━━ Data supplied

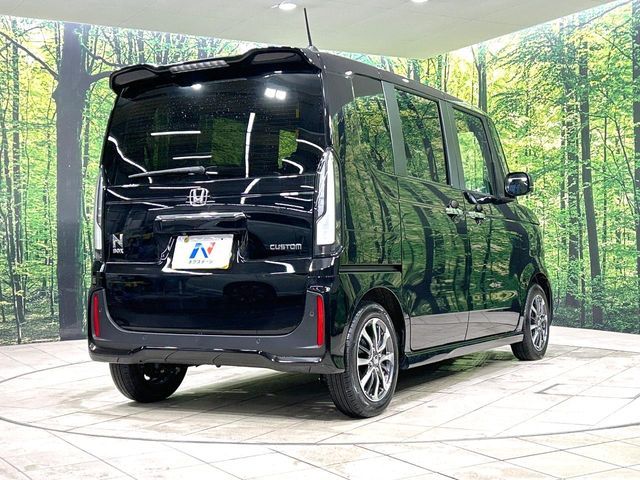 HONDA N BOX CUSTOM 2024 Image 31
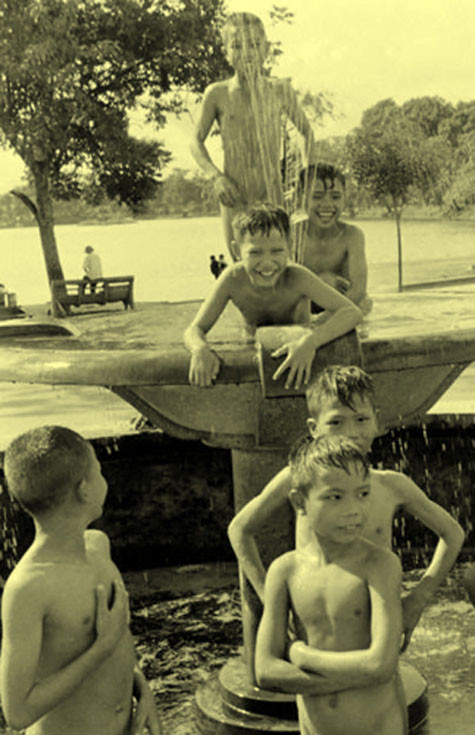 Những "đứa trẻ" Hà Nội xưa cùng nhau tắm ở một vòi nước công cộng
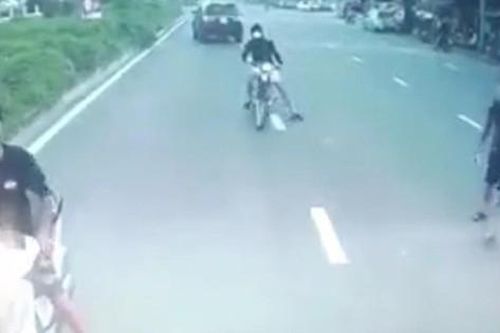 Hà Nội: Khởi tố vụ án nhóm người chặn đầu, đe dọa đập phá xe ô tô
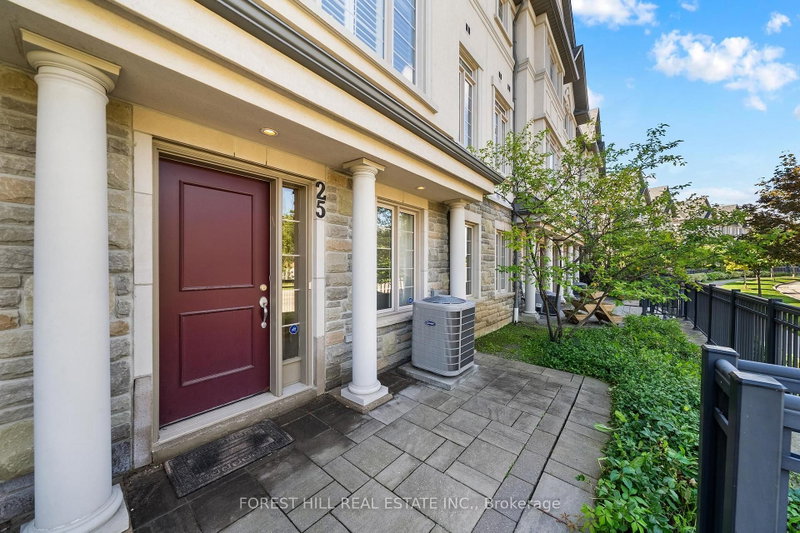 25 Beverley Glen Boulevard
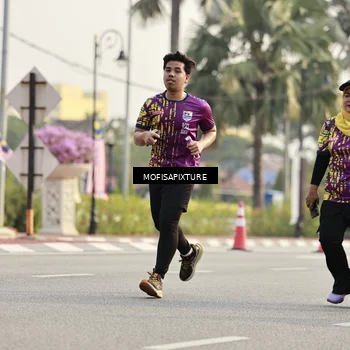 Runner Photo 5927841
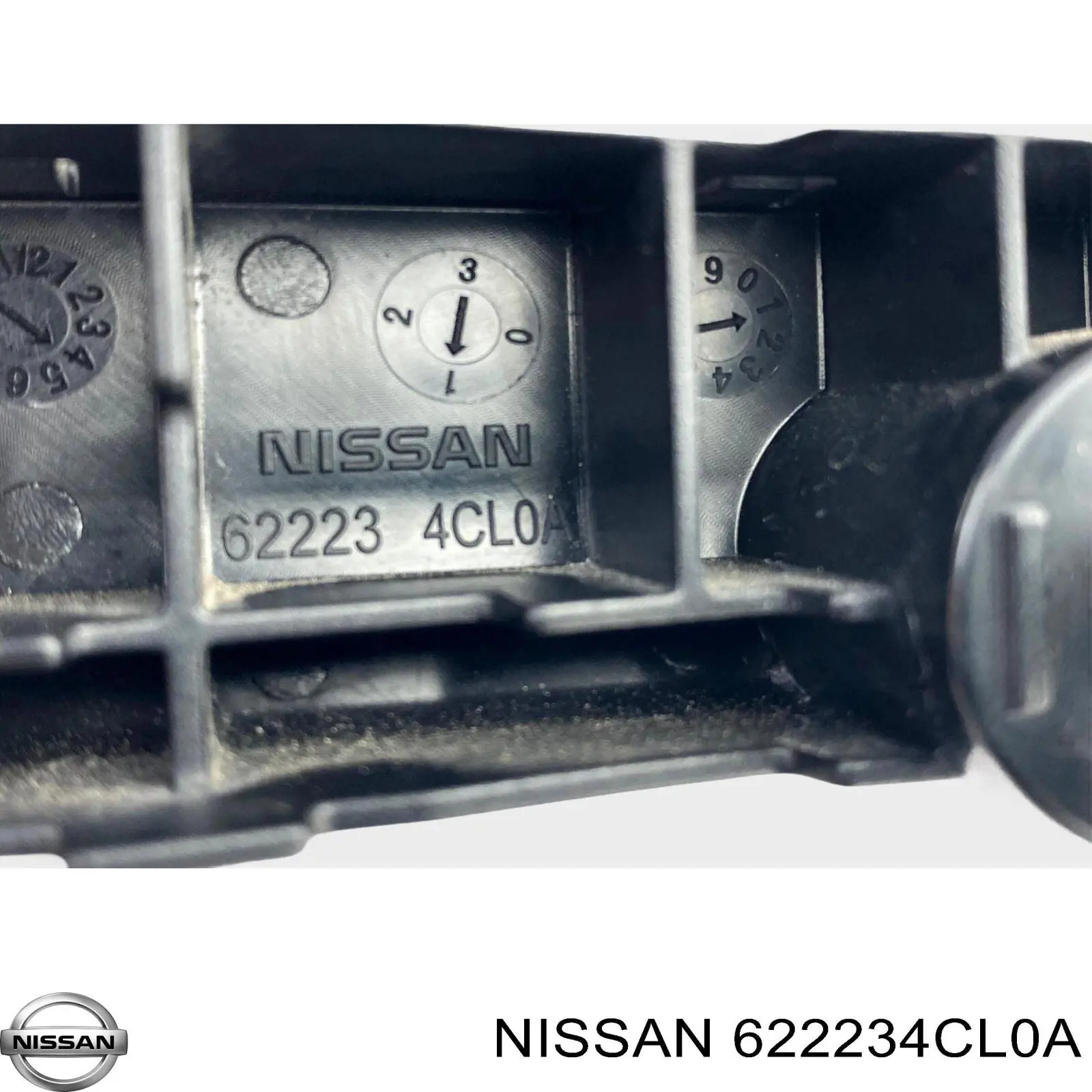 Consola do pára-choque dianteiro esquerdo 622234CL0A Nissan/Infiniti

━━━━

Omit the pictures and please write out exactly the lines between the one containing "25 Beverley Glen Boulevard" and the last line of the entries, both included.

[Solution to the exercise]:
 25 Beverley Glen Boulevard
 Runner Photo 5927841
 Consola do pára-choque dianteiro esquerdo 622234CL0A Nissan/Infiniti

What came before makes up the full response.